Just another blog post on habits and routines?


It’s kind of cliche to talk about habits and routines with the start of the new year right? Everybody knows by now that January is typically the time to set new year’s resolutions, just so that we can abandon them again one month later… if we even make it that far. We think about sticking to a better diet, going to the gym, being kinder to our partners, and maybe calling dear mum more often. But somehow really keeping up those resolutions and building strong habits is harder than we want.

Instead of writing just another post on how to set new year’s resolutions, we want to dive a little deeper into the definitions of habits and routines and thus try to understand why designing and building them is hard but can still be done with the right mindset and tools.

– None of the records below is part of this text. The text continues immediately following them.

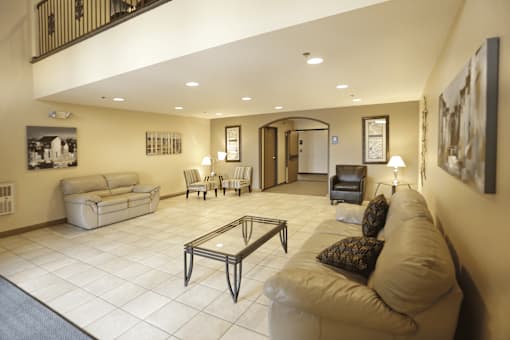 A living room with a couch, chairs, and a coffee table.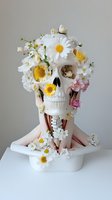 White skull adorned with fresh daisies, yellow flowers, and pink blooms arranged as artistic floral sculpture. Surreal botanical art installation for creative design projects.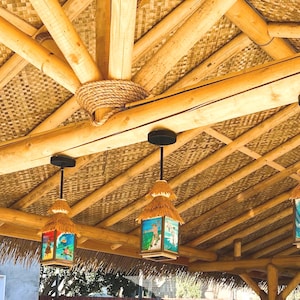 May include: Four square pendant lights with thatched roofs and colorful surf-themed panels hang from a bamboo ceiling structure. Each light features a black metal mount and a rectangular frame displaying illustrations of ocean waves and surfers.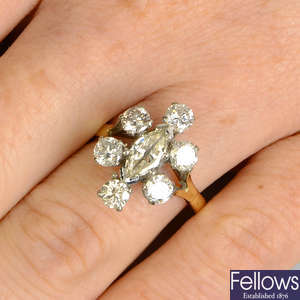 A marquise-shape and brilliant-cut diamond cluster ring.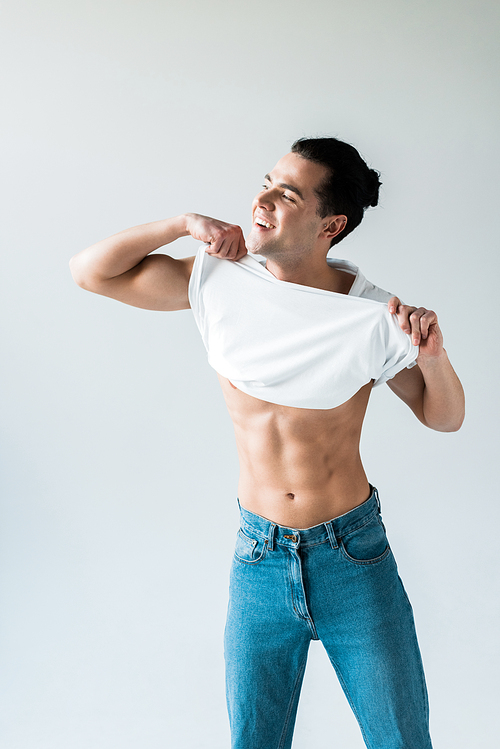 happy man taking off white t-shirt and smiling on white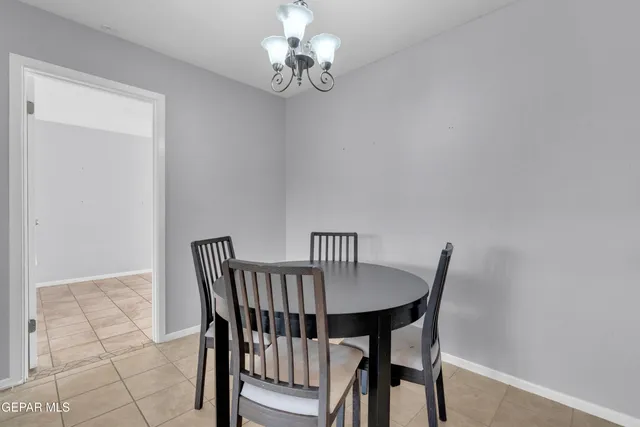 a kitchen with cabinets and window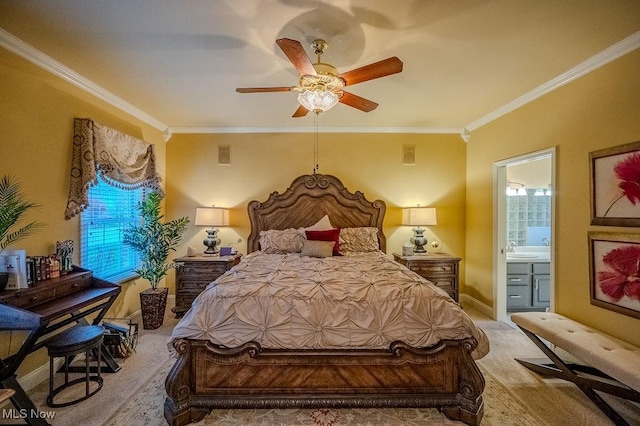 carpeted bedroom featuring visible vents, ensuite bathroom, ornamental molding, a ceiling fan, and baseboards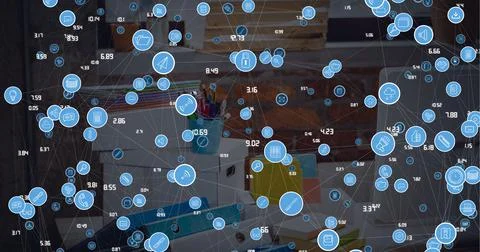 Composition of network of connections with icons over computer in office Stock Photos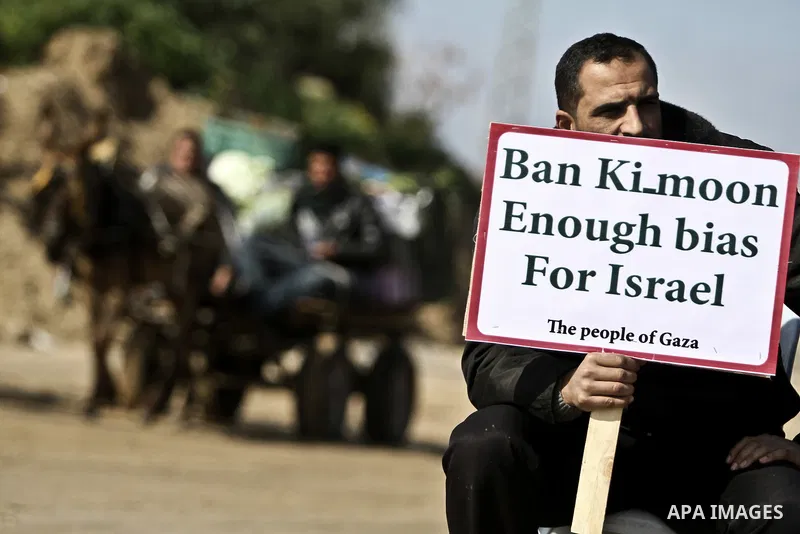 Palestinians demonstrate before the arrival of UN Secretary-General Ban Ki-moon at the Erez checkpoint in the northern Gaza Strip on February 2, 2012. Protesters threw shoes, sand and small stones at his convoy, which wa...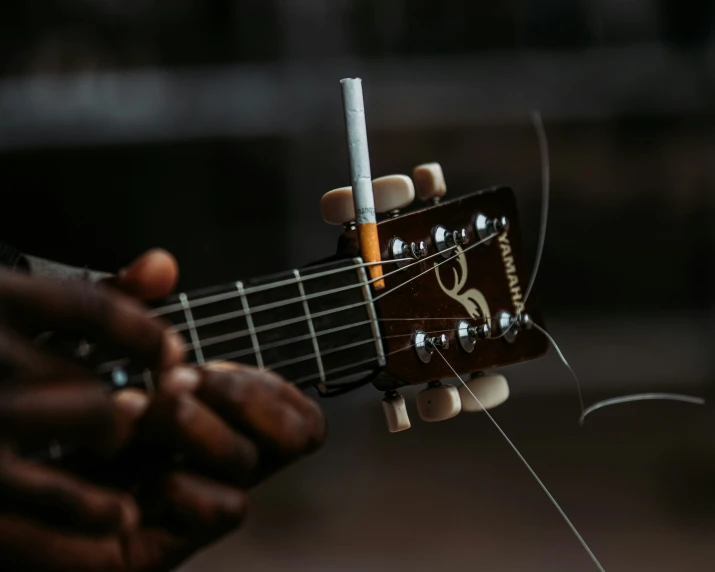 a person playing on top of a guitar with their fingers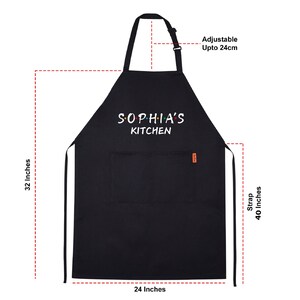 Puede incluir: Delantal de cocina negro con tirantes ajustables. El delantal tiene un bolsillo y dice "Sophia's Kitchen" en texto blanco con puntos de colores.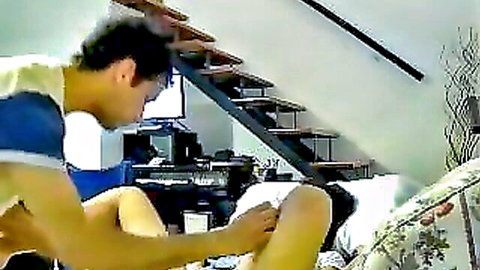 Indian boyfriend fingers his girlfriend's exposed pussy on living room couch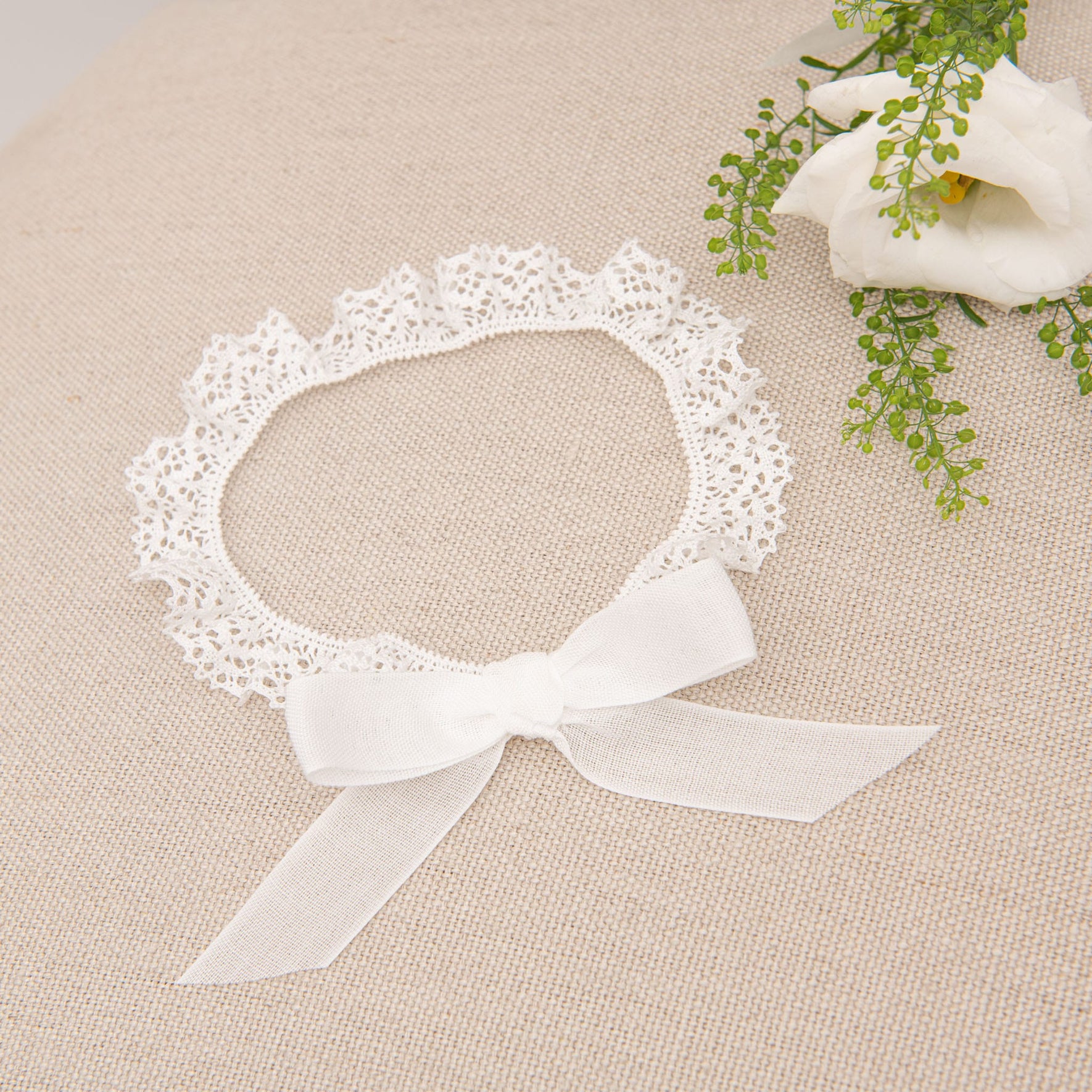 Detailed view of the Poppy Christening Headband, showcasing a white bow and lace accents, placed on a beige surface.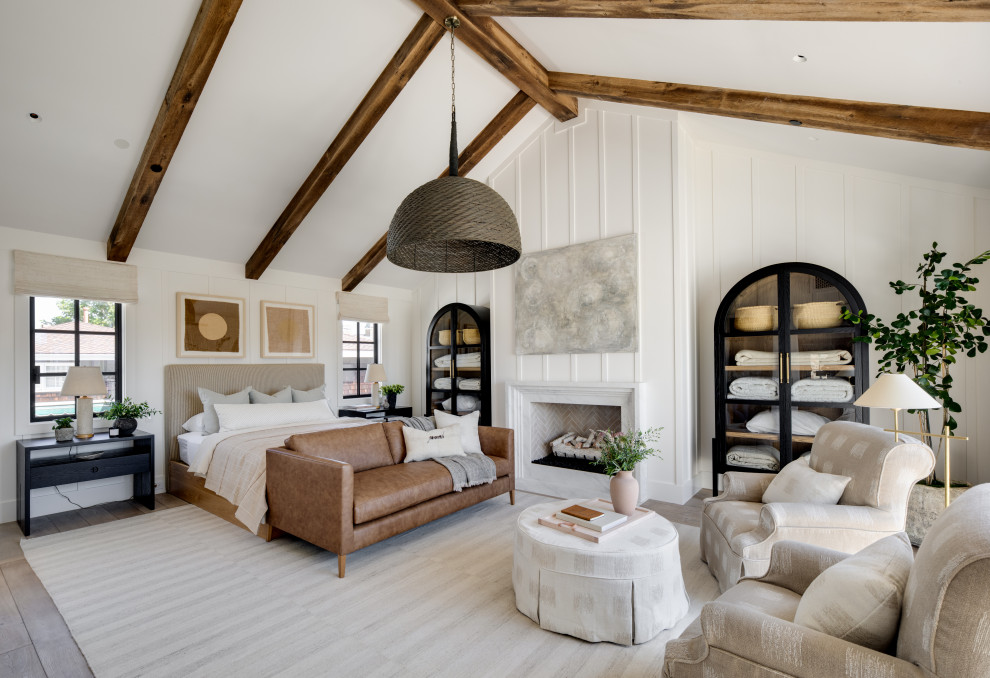 Klassisches Hauptschlafzimmer mit weißer Wandfarbe, braunem Holzboden, Kamin, Kaminumrandung aus Stein, braunem Boden, freigelegten Dachbalken, gewölbter Decke und Wandpaneelen in Orange County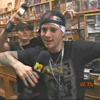 A person in a black graphic t-shirt and bandana holds a microphone with yellow logo, standing before shelves of collectibles while another person raises an object behind them.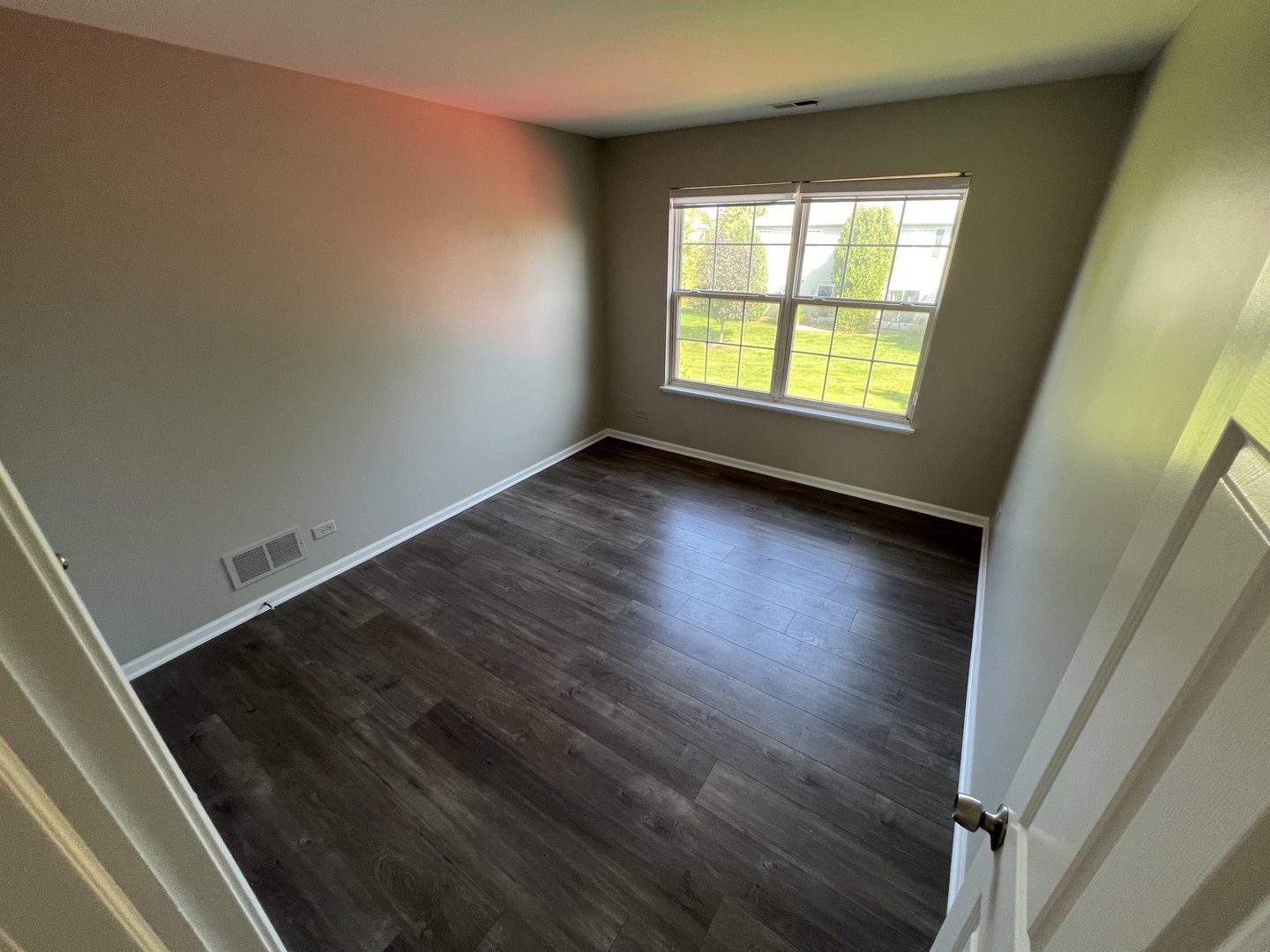 3044 Troon Drive Montgomery, IL 60538 - Photo 4 of 20 a view of an empty room with wooden floor and a window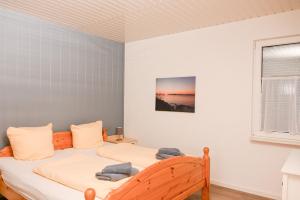 a bedroom with two beds and a window at Dünenhaus Fewos - Zum Strand 50m in Ueckeritz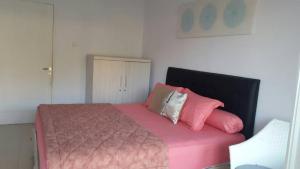 Un dormitorio con una cama rosa con sábanas y almohadas rosas. en Villa Jidah, en Gegarbensang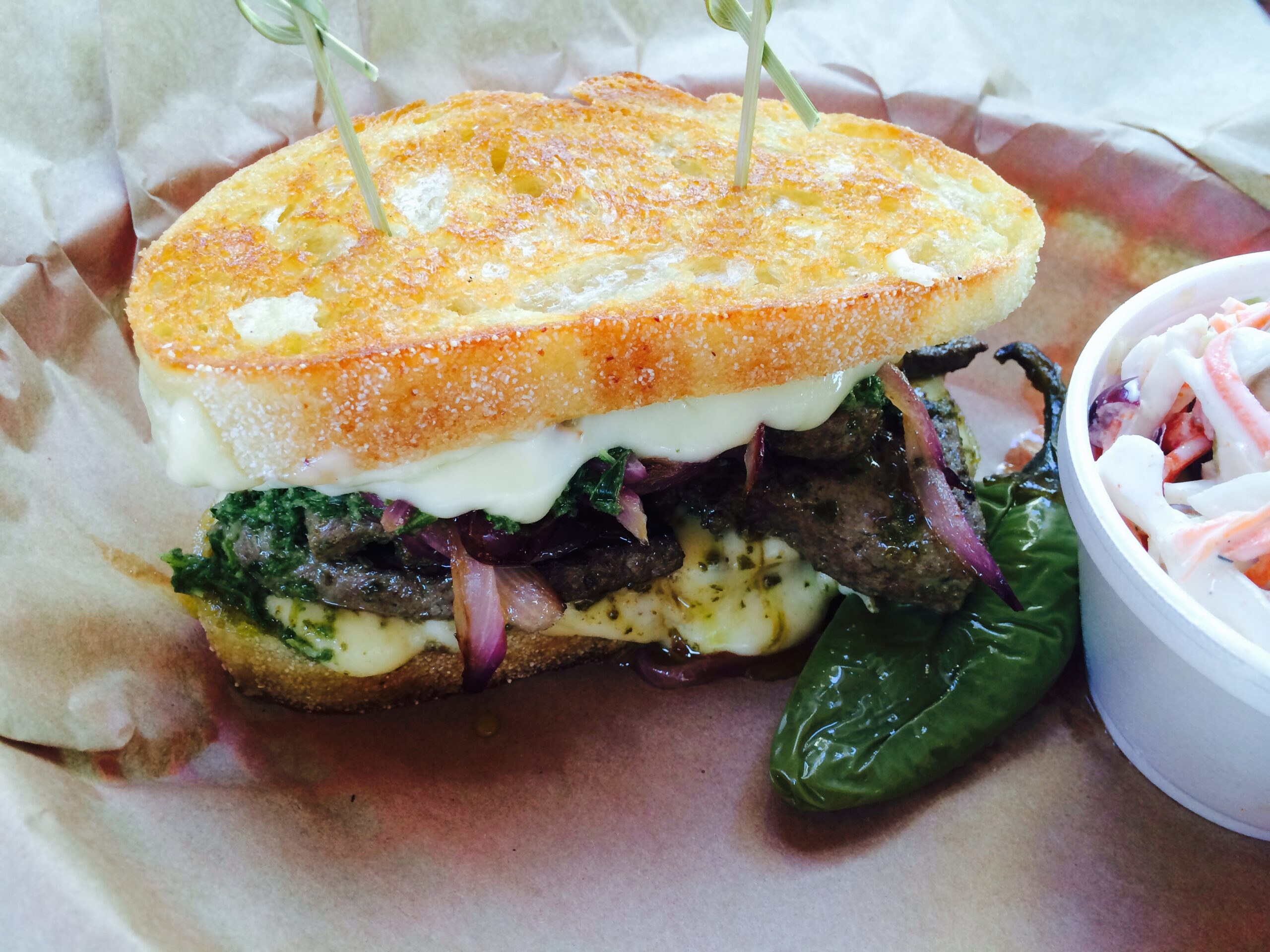 Sage Chimichurri Beef Liver Sandwich with Grilled Onions and Fontina Cheese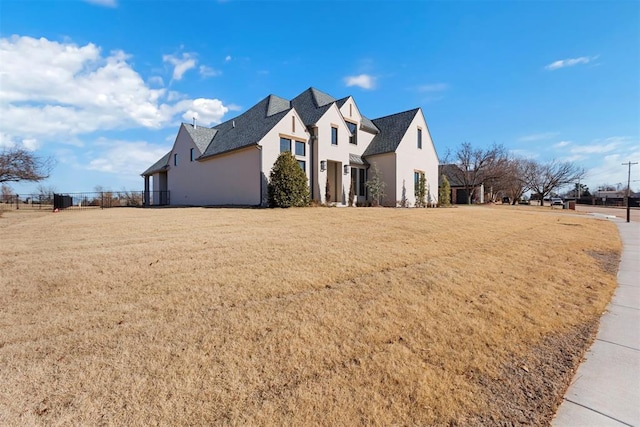 view of front of house featuring a front lawn and stucco siding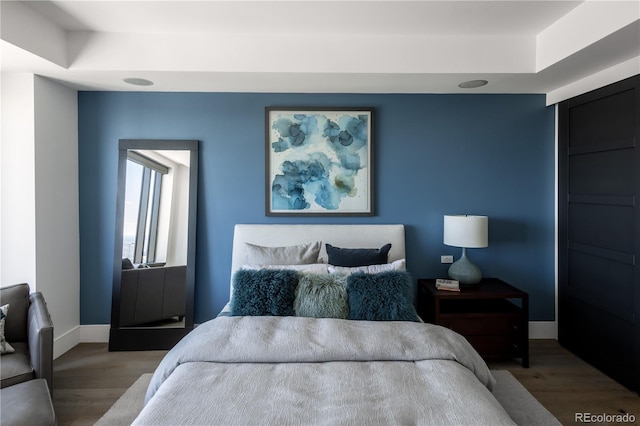 bedroom featuring wood-type flooring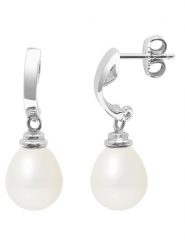 Pearline Srebrne kolczyki-wkrętki z perłami rozmiar: onesize. Białe kolczyki damskie Pearline, z perłą, srebrne. Za 239.99 zł.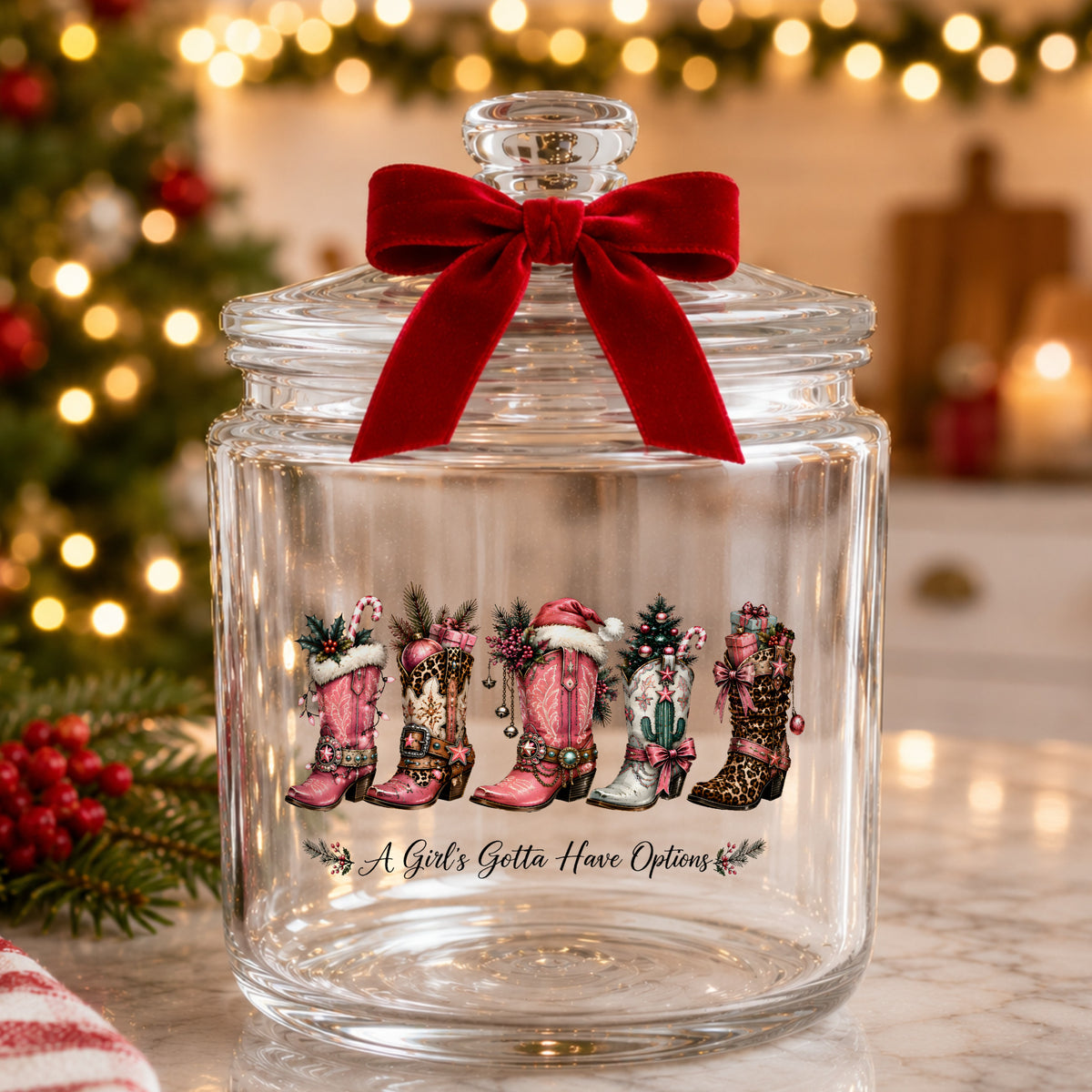 A Girls Gotta Have Options Christmas Boots UV DTF sticker applied to a glass candy jar tied with a red bow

So first of all, let’s talk about the difference between habits and routines. In everyday life we use those words interchangeably, but actually there is a clear distinction. They mainly differ in the level of awareness when performing the one or the other. But what does level of awareness mean in this context?
When performing a habit you kind of work on autopilot. There is usually a trigger for a habit and you don’t really think about actually doing it. It just happens. With routines, much more consciousness and deliberate action are involved. So even though for both concepts we talk about regular repeated actions, habits require much less intention and effort than routines.

So what does that mean for our new year’s resolutions? Well, even though we talk about making it a habit to just go the gym or to eat the apple instead of the chocolate, our bodies will not just automatically grab the gym bag and walk out of the door without any conscious decision from our side. Expecting that those resolutions become habits quickly already sets us up for failure. And we all know, as soon as we fall off the bandwagon once, we are likely doing it again.


That doesn’t mean however that it is impossible to build a habit out of a routine, but this takes time and patience. When reading scientific literature on the topic of habits, the basic common ground they all agree on is The Habit Loop:

Trigger: you need to have a cue reminding you to perform a certain action, i.e. getting up in the morning and directly seeing your neatly packed pile of gym clothes and sneakers for you to put on.
Routine: consciously deciding to act on that trigger and perform the desired action, i.e. putting on those prepared gym clothes and going to the gym for your exercise session.
Reward: making sure to reward yourself in some way or another to teach your brain that this specific habit loop is worth remembering and performing again in future, i.e. feeling all the endorphins running through your body after a good workout session and feeling fit and strong, ready to take on your day ahead.


When first designing and acting on this habit loop you realise that indeed your resolution is no habit yet and you need to invest quite some effort and intent to act on it. With time however, the routine will become easier and easier to perform and much less willpower is needed to act on your trigger or cue.


  1. Before being able to build a strong habit, you need to design a routine which requires a much higher level of effort and intent.
  2. When setting up your routine, make sure to include all three elements of the habit loop: next to the routine itself, also having a trigger and a reward are success factors.
  3. Work on your expectations: knowing the difference between habits and routines and understanding that building a habit takes quite some time, don’t set yourself up for failure by expecting your routine to be done on autopilot.


Give yourself time and be kind to yourself. And when falling off the bandwagon, know that you are not alone and that you can just as easily jump on again.